**RECORDED INFORMATION:**
※ ※ ※

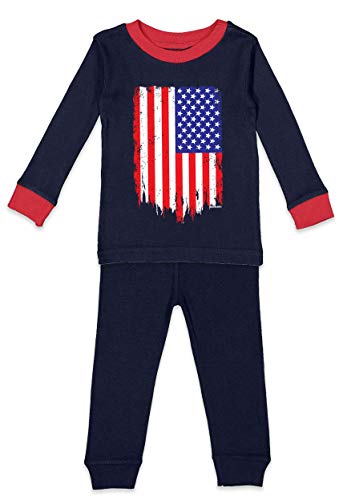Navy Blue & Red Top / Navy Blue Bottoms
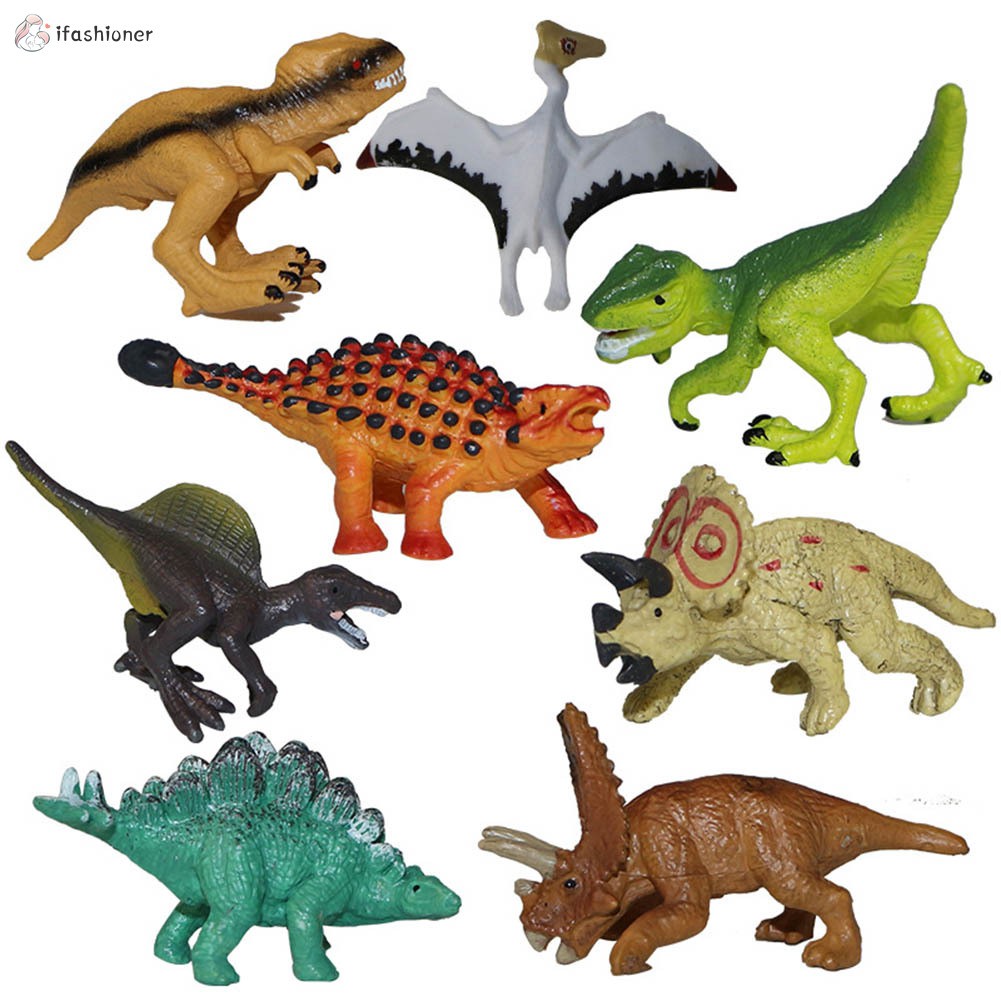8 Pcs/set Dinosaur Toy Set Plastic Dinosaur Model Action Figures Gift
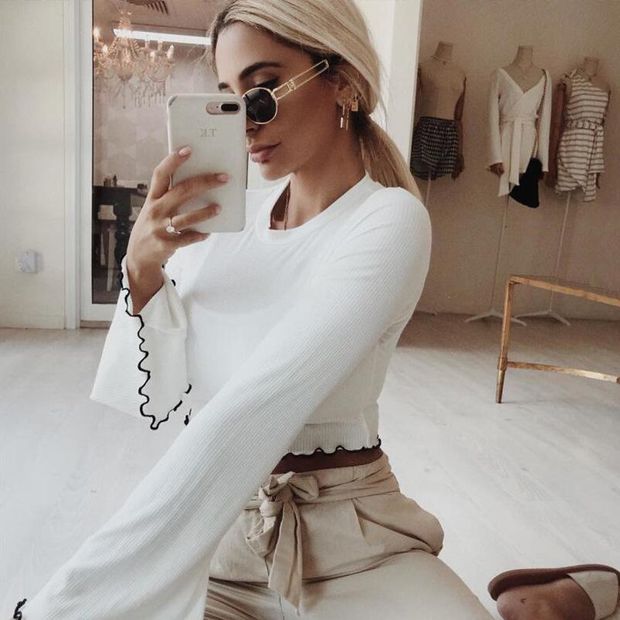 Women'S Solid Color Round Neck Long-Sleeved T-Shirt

※ ※ ※

**ABOUT THIS EXERCISE:**
For this exercise, retype the data above exactly and skip every image.

**TASK SOLUTION:**
Navy Blue & Red Top / Navy Blue Bottoms
8 Pcs/set Dinosaur Toy Set Plastic Dinosaur Model Action Figures Gift
 Women'S Solid Color Round Neck Long-Sleeved T-Shirt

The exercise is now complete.